The goal of a `research group wiki’ is to preserve a corpus of specialized knowledge relevant to the group. This information is meant to be continuously revised and augmented by members of the group, but ultimately it’s meant to pass down information down generations of graduate students. In this sense its a bit more pedagogical than a `collaboration wiki.’
A manifestation for a theoretical group would probably include TeX’d up notes, references to useful review articles, contact information for past students (for maintaining a network of researchers), etc. Especially useful pages might be worked out example calculations using a novel technique, pieces of computer code, etc. This could also include career advice on topics such as postdoc fellowships.

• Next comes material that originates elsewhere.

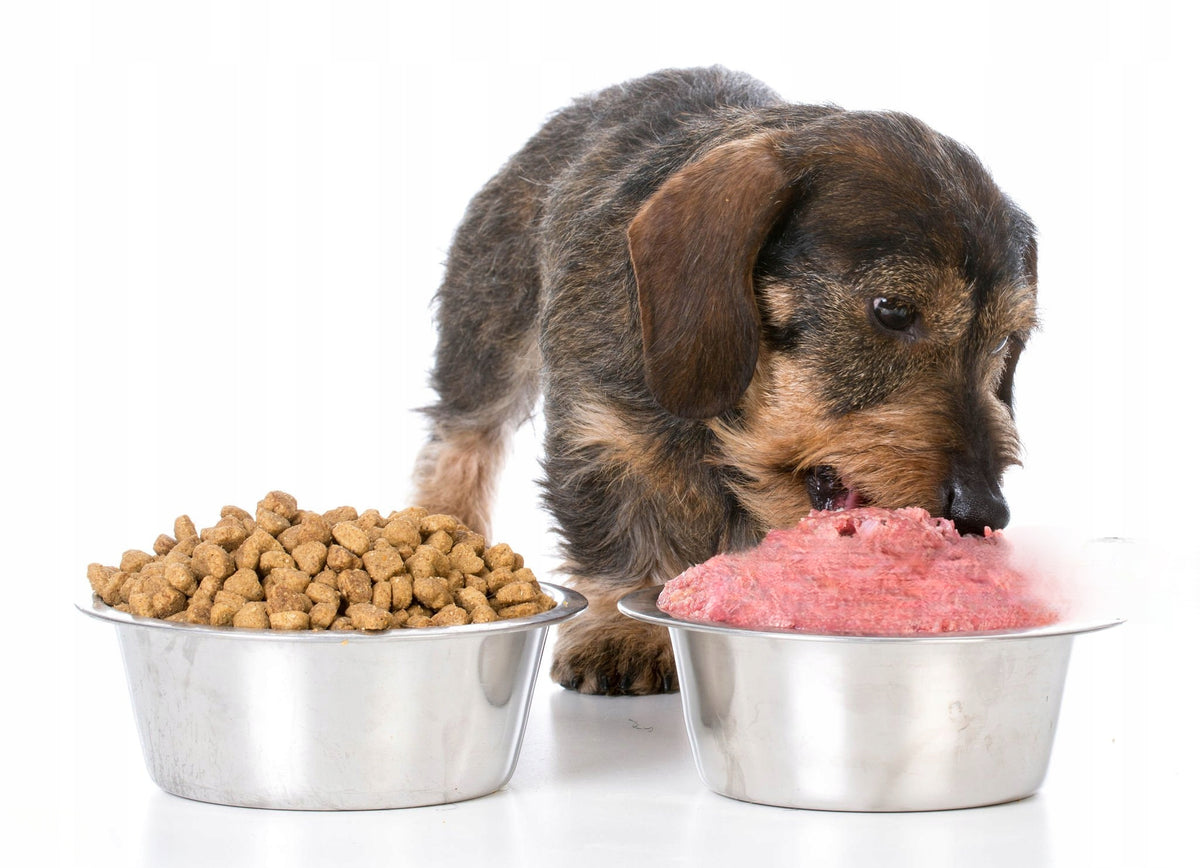 Mrożone mięso z indyka dla psa BARF 10 kg – 40 kostek po 250 g, bezzbożowe, z kością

There are two added benefits for the principal investigator. First there is the benefit of being able to go back and browse the history of the wiki and see the development of research ideas and the accumulation of a set of research tools (even if they’re mathematical). Secondly, a very large research group wiki would be full of material for furture summer school lectures, review articles, or even textbooks.
((Another note: because of the ability to see historical revisions, this sort of wiki may also be of interest to science historians in the more distant future.))
Again, a blog/forum interface could be added to assist in communication within a large research group. Students could post questions to one another while they were far away (e.g. away at a conference) and the solution would be saved for future students to search for if they have the same question.
Department wiki (restricted authors, many readers)
I mentioned that every person should have a professional webpage. Now I claim that further than that, that it needs to look good. Looking good means more than just pretty layout, it means presenting a unified format that makes it easy to access important information (contact information, CV, etc.) while also visually synchronizing with other pages from the department.
This is a minor point, but it’s about professionalism. There are some really good departments out there with really nasty webpages. Sometimes the main department page is unintuitive, or can only be read properly in a certain web browser, or certain personnel pages may look completely different from the rest of the department pages. While such a department may still have a fantastic research group, its website presents a sense of amateurism. (This can make a difference if you’re trying to attract graduate students.)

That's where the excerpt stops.